The new, more relaxed Rose has even let his hair down, so to speak. Some players were stunned when they saw him for the first time after the cancer bout; not only had he lost a lot of weight, but his hair had gone from brown to whitish-gray in a matter of weeks. The players attributed it to the cancer.

"Actually, I just stopped worrying about it," Rose says with a grin.

He and his wife remind each other at home that "Life is good." Looking back, the coach notes, "It's hard to believe, but I feel good. I know I'm fortunate."

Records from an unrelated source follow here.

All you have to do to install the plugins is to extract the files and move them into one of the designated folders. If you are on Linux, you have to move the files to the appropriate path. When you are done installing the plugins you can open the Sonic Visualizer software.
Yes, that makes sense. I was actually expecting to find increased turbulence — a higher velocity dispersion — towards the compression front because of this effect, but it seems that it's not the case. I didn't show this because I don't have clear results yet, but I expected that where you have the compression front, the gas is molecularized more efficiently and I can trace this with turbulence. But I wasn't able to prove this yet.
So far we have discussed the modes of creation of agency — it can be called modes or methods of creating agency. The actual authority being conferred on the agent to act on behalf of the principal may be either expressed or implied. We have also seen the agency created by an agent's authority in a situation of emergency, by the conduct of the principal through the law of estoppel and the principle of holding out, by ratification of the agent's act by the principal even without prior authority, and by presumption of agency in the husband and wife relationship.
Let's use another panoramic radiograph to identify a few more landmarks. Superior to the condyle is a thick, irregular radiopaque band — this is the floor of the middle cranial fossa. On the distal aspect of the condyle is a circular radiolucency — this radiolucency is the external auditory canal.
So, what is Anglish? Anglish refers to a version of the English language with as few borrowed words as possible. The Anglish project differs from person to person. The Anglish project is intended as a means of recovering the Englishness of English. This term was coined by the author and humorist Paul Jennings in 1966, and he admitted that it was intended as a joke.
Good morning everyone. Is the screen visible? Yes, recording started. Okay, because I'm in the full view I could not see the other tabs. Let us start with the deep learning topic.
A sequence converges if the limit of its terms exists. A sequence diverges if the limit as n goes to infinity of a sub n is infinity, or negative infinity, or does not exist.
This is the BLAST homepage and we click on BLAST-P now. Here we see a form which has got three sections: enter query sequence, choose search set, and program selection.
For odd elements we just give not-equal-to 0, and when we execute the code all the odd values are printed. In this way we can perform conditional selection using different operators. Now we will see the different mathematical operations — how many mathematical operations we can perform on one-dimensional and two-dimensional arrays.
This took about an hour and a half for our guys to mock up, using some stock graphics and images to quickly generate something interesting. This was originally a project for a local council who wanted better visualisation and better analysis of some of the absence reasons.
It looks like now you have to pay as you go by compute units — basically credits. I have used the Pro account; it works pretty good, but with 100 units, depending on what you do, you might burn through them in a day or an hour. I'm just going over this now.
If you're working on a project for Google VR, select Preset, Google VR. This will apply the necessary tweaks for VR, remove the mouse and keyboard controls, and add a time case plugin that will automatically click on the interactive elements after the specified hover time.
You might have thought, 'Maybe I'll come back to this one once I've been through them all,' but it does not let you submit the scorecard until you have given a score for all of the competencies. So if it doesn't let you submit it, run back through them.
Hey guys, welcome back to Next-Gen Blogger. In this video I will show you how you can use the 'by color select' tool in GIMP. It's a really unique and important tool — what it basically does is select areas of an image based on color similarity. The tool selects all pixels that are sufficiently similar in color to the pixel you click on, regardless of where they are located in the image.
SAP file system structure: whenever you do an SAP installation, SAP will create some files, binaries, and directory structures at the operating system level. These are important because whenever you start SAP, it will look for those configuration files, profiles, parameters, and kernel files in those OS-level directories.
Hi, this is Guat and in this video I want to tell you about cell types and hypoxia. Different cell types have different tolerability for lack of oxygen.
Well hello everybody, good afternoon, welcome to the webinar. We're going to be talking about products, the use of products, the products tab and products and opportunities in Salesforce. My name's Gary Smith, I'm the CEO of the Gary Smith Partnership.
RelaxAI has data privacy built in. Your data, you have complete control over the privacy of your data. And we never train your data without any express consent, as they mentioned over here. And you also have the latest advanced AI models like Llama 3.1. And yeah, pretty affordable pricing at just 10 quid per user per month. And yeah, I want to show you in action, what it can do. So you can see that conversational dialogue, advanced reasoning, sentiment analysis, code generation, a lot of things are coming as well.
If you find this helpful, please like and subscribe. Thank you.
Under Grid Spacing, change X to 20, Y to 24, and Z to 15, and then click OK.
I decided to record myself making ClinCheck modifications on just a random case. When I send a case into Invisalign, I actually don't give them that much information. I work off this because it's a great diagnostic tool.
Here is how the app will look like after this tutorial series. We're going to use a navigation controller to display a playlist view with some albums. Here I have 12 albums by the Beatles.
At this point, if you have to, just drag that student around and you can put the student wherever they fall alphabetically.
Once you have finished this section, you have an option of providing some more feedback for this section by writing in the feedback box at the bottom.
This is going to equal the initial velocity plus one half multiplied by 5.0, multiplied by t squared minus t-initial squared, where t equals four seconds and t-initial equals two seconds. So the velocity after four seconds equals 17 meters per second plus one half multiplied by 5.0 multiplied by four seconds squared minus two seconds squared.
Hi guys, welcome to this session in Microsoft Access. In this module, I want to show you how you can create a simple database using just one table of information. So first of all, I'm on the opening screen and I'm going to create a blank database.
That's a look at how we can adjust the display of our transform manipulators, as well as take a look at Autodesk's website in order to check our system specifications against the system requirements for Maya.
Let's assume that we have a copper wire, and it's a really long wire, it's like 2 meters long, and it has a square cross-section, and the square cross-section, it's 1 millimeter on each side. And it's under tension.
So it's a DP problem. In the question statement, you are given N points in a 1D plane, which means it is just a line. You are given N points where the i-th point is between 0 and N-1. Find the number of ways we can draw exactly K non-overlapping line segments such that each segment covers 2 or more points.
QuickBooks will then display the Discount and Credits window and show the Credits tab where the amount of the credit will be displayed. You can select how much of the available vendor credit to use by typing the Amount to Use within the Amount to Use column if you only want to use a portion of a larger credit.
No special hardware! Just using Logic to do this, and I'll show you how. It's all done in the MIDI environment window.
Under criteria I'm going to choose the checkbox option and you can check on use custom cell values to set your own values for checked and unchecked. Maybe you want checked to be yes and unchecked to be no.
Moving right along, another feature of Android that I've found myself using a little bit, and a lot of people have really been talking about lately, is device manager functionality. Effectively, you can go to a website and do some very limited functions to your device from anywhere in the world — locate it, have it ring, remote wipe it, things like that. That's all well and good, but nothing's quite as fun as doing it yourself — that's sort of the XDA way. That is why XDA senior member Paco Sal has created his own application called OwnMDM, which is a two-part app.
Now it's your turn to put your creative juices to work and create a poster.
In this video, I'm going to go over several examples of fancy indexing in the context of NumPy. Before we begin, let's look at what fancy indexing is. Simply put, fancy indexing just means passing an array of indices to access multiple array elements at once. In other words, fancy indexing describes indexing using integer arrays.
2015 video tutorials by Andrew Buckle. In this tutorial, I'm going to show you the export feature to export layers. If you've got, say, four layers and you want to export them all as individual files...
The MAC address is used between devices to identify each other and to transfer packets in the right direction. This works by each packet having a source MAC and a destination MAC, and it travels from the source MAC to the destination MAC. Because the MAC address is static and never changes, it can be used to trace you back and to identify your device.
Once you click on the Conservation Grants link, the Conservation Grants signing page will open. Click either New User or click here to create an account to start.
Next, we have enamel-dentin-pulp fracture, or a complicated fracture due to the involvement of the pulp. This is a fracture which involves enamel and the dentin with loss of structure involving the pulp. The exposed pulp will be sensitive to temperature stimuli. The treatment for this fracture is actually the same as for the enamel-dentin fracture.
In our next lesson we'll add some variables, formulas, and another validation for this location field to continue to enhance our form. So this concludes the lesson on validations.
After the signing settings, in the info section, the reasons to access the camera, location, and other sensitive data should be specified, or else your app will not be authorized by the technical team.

When Rose met with the team upon his return from cancer, he and his wife asked them if they would help them repay the many kindnesses they had received by helping others and then reporting their experiences to their coach. The players have been observed helping strangers with their luggage in airports and interacting with sick children and teaching basketball skills to kids.

They haven't been so generous with their opponents on the court as they have been one of the country's dominant teams. Recently, Cheryl worried aloud to her husband that the team faced a "tough" stretch of road games.

"When I laid there those nights in the hospital, that was tough," Rose said. "This is just an opportunity."